In March 2005, Ofori brought an action in the United States District Court for the Southern District of New York against AIG and its subsidiaries, alleging that he was (1) subjected to discrimination and retaliated against on the basis of his race, in violation of 42 U.S.C. § 1981 and New York State Human Rights Law, N.Y. Exec. Law § 290 et seq. (“NYHRL”), and (2) subsequently defamed by AIG. Defendants-appellees moved to dismiss Ofori’s claims under Federal Rule of Civil Procedure 12(b)(6), arguing that despite Ofori’s many contacts with the United States, neither Section 1981 nor the NYHRL applies to discriminatory conduct that took place outside the territory of the United States.
In an Opinion and Order dated September 20, 2005, the District Court concluded that “nothing in the text, structure, or history of Section 1981 indicates that Congress intended it to apply to events outside the territorial jurisdiction of the United States, and it is therefore presumed that Congress did not intend Section 1981 to apply extraterritorially.” See Ofori-Tenkorang v. Am. Int’l Group, Inc., No. 05 Civ. 2921, 2005 WL 2280211, at *6 (S.D.N.Y. Sept. 20, 2005). In reaching this conclusion, the District Court adhered to the Supreme Court’s teaching in EEOC v.
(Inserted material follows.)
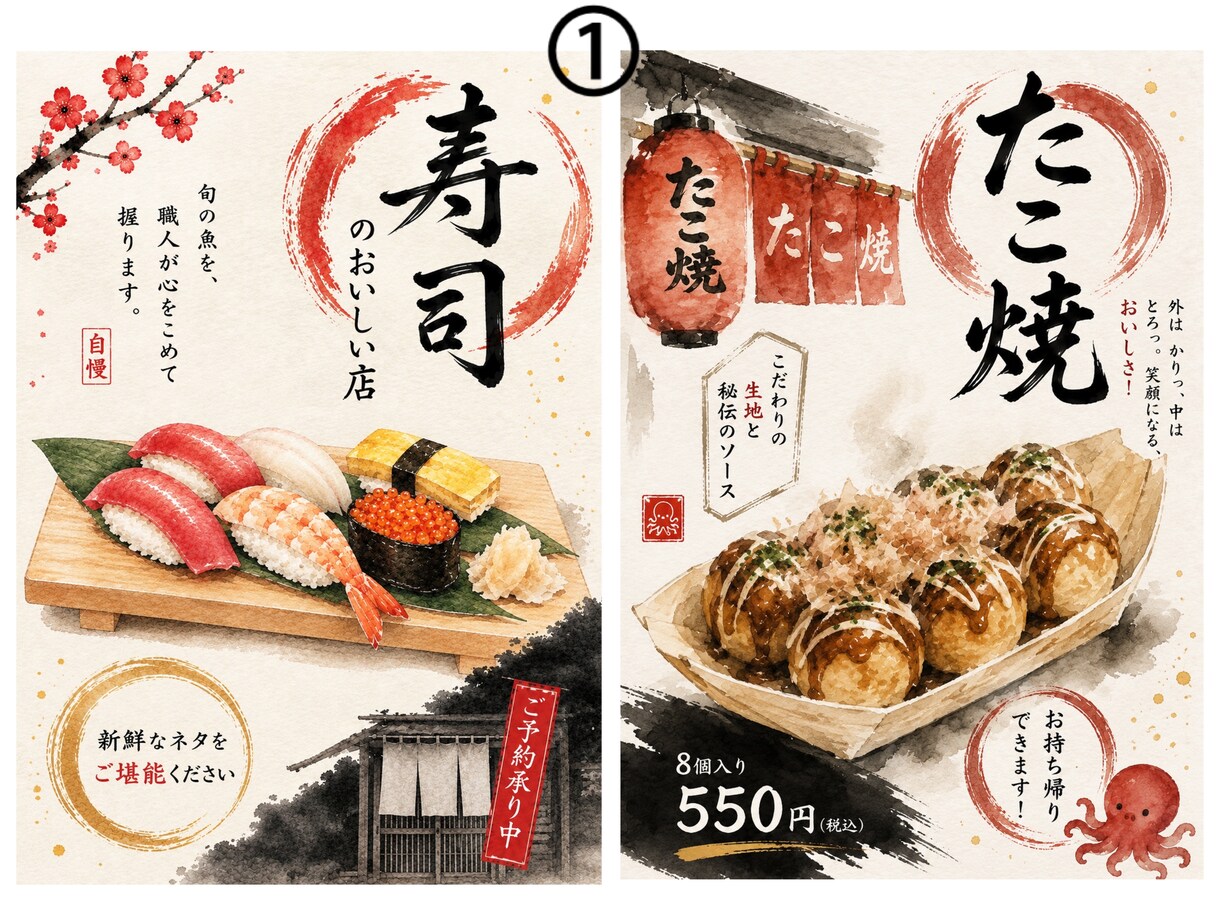 ポップでいい感じの広告画像を制作します 飲食店・美容など、あなたのお店の魅力が伝わるSNS画像を制作 イメージ2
Arabian American Oil Company (Aramco), 499 U.S. 244, 111 S.Ct. 1227, 113 L.Ed.2d 274 (1991), that courts must “look to see whether language in the relevant Act gives any indication of a congressional *300purpose to extend its coverage beyond places over which the United States has sovereignty or has some measure of legislative control,” and must adopt the presumption that “legislation of Congress, unless a contrary intent appears, is meant to apply only within the territorial jurisdiction of the United States.” Ofori-Tenko-rang, 2005 WL 2280211, at *5 (quoting Aramco, 449 U.S. at 248, 111 S.Ct. 1227).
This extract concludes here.